**** Dataset entries

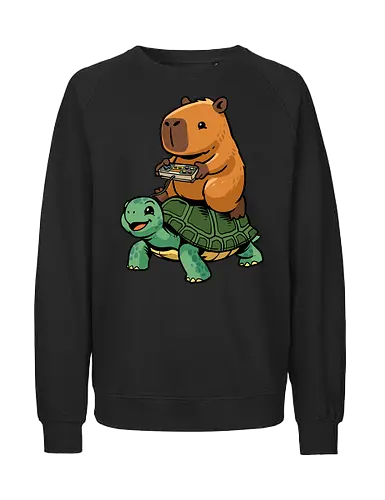 Capybara and Turtle - capybara, animals, cappy, capy, controller, funny, game, gamer, gaming, retro, riding, rodent, tortoise, turtle, video game - Fairtrade Sweatshirt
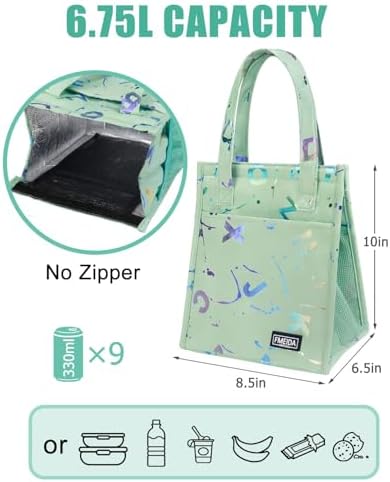 6.75L Small Insulated Lunch Bag, Reusable Cooler Tote Thermal Snack Bag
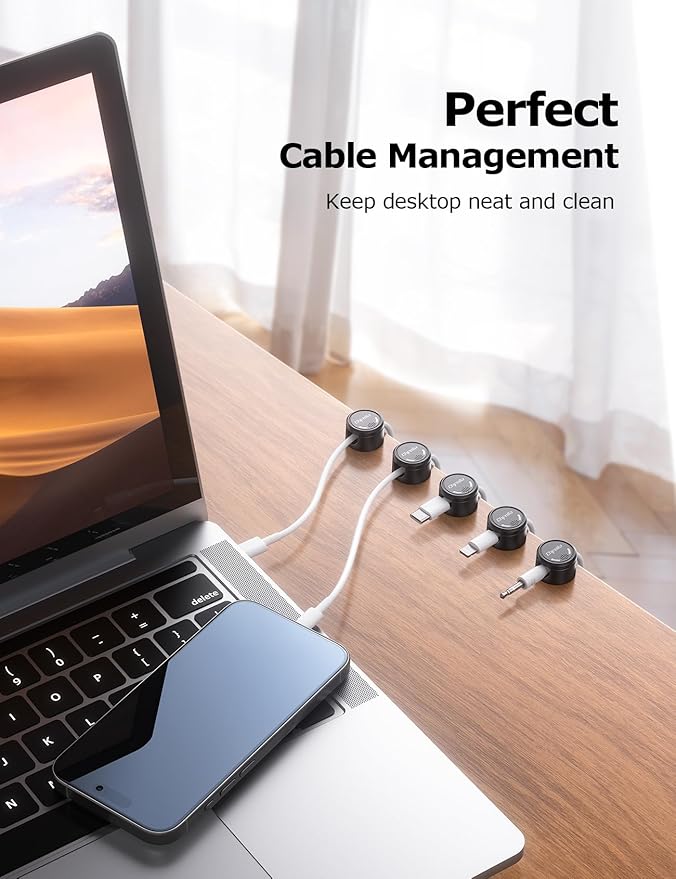 9 Pack Cord Organizer, Chfeila Magnetic Cable Management Clips, Adhesive Phone - Image 4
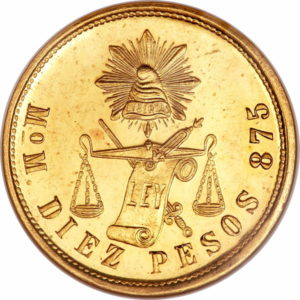 Pièce 10 Pesos Or 1870 à 1905 Recto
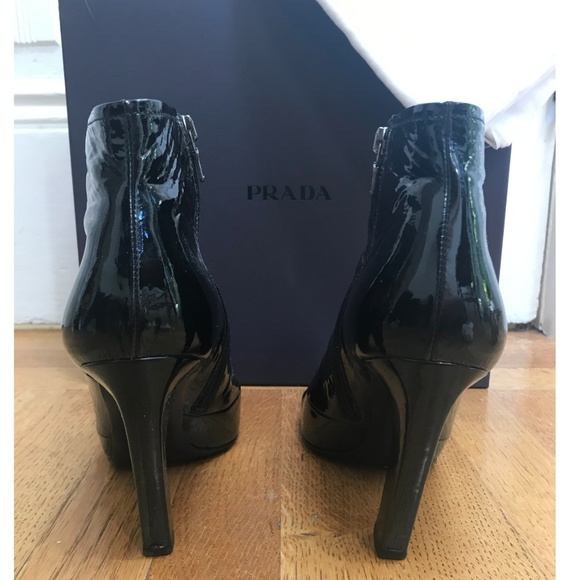 Prada Black Patent Leather Heeled Boot - Picture 3 of 4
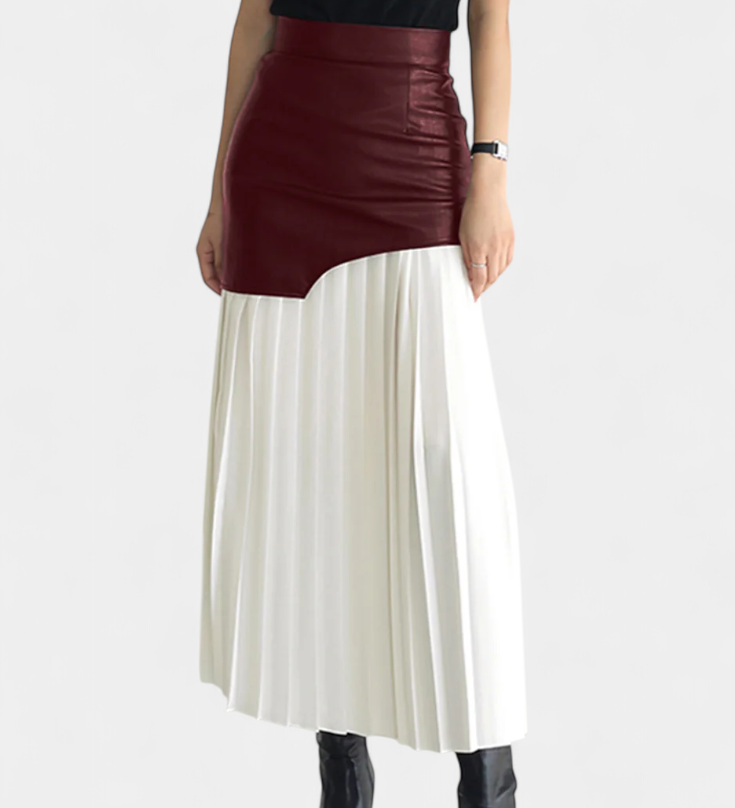 Asymetrická maxi sukně z chiffon a syntetické kůže
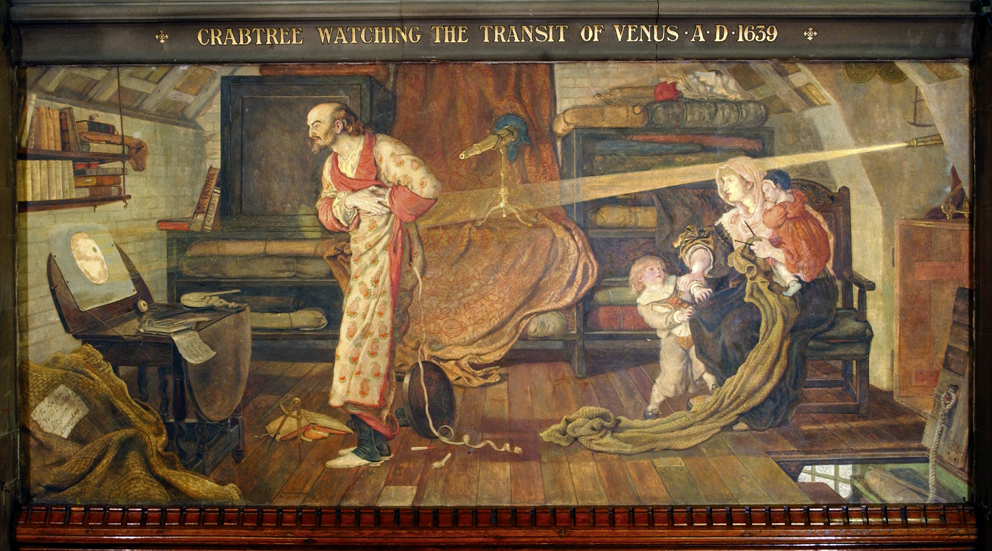 Painted wall mural depicting a man witnessing the transit of venus across the sun via a projection on paper from his telescope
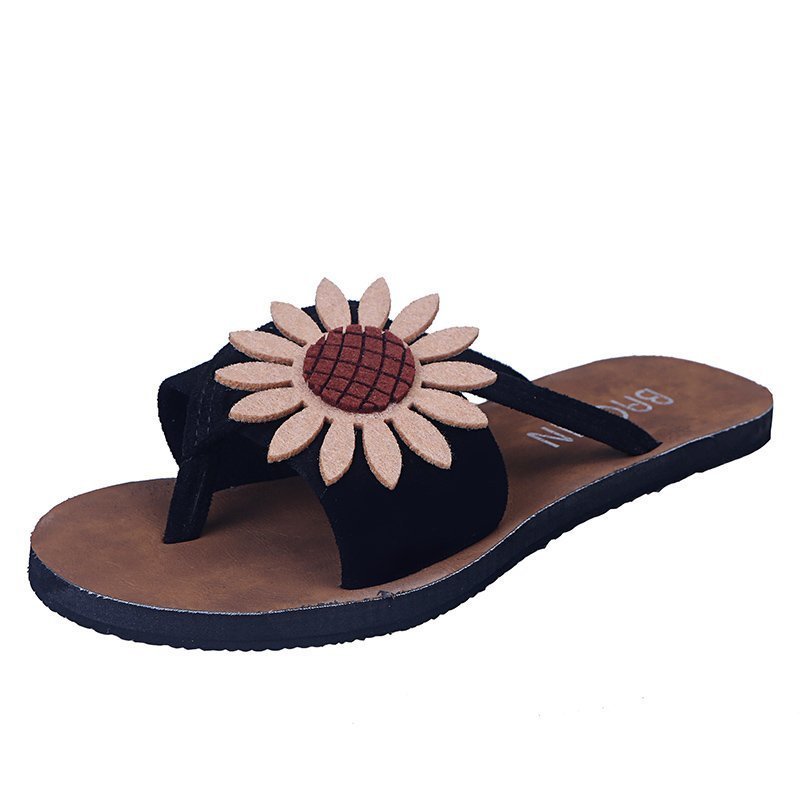 Grote maat slippers voor dames, platte antislip bloemen slippers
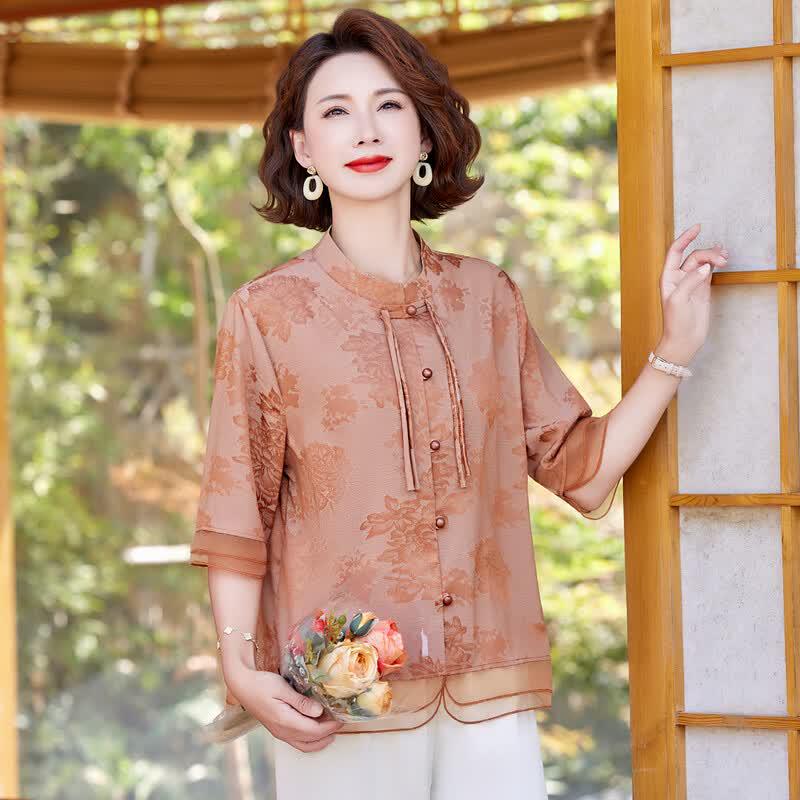 YUZHAOLIN Chinese Style Mid-Sleeve Shirt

********

▸ **Work instructions**
What do the lines above say from the line containing "Grote maat slippers" through the last line? Quote them exactly, both ends included, and leave out the pictures.

▸ **Written response**
 Grote maat slippers voor dames, platte antislip bloemen slippers
 YUZHAOLIN Chinese Style Mid-Sleeve Shirt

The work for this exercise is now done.